This story begins in the late '80s when Andy Kritz, a land surveyor, began feeling numbness in his hands and so much fatigue he'd practically sleep through the weekends.
He figured the numbness had something to do with his work on a computer keyboard. He thought he was tired from the stress of his job. When his eyesight started to go, well, Mr. Kritz was getting older.
"Every symptom I had was attributed to something else," he told me from his bed in the Oakland apartment he shares with his wife, Darlene Kelley.
After other maladies were ruled out, he was diagnosed with primary progressive multiple sclerosis in 1990. In the years since, he has gone from cane to walker to wheelchair. For the past year and a half, he has been bedridden, a quadriplegic. But his voice is strong and his mind is sharp and he isn't looking for sympathy.
"I went through a bout of depression," he said, "but it didn't make me feel any better. I still had MS."

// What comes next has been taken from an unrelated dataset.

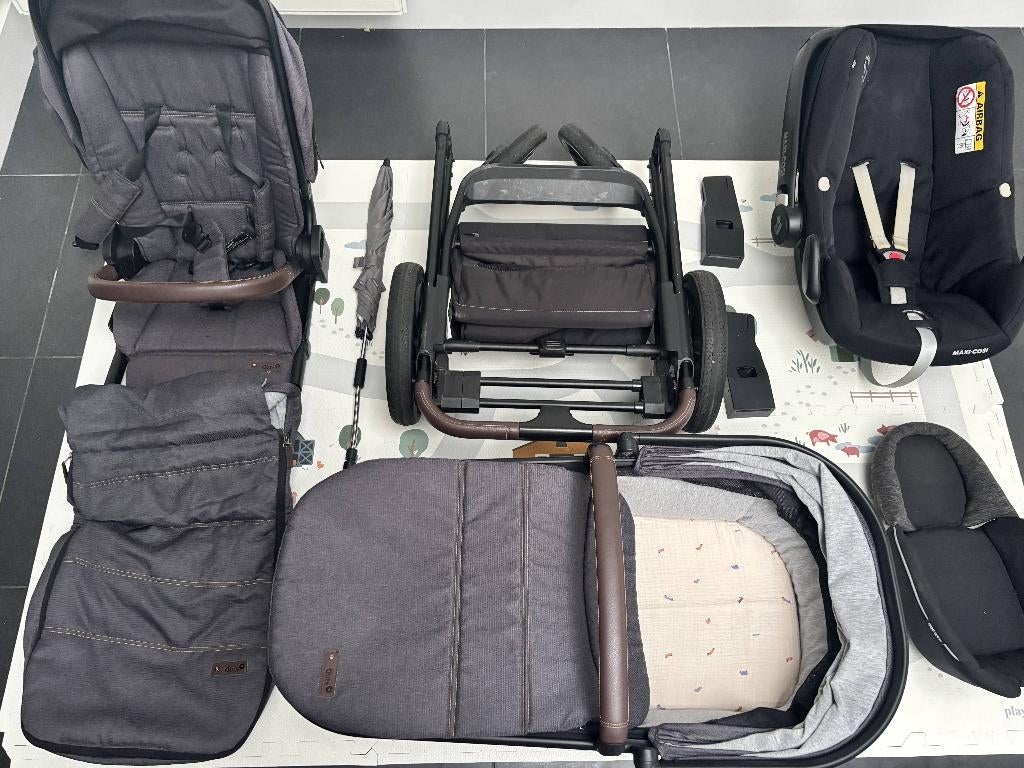 Qute Buggy + Maxi cosi + set  accessoires (baby tot 3 jaar), Kinderen en Baby's, Verstelbare duwstang, Zo goed als nieuw, Ophalen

He and Darlene have been married 28 years. They invited me to their home, along with a handful of people from VITAS, the multi-state provider of the hospice care that saved him from going into a nursing home.
VITAS is always looking for volunteers whose talents might be shared with the patients. One is Jacquelyn Cynkar, a freelance photographer who shot the portrait you see with this column. It's part of a collection that she presented to Andy and Darlene as a gift.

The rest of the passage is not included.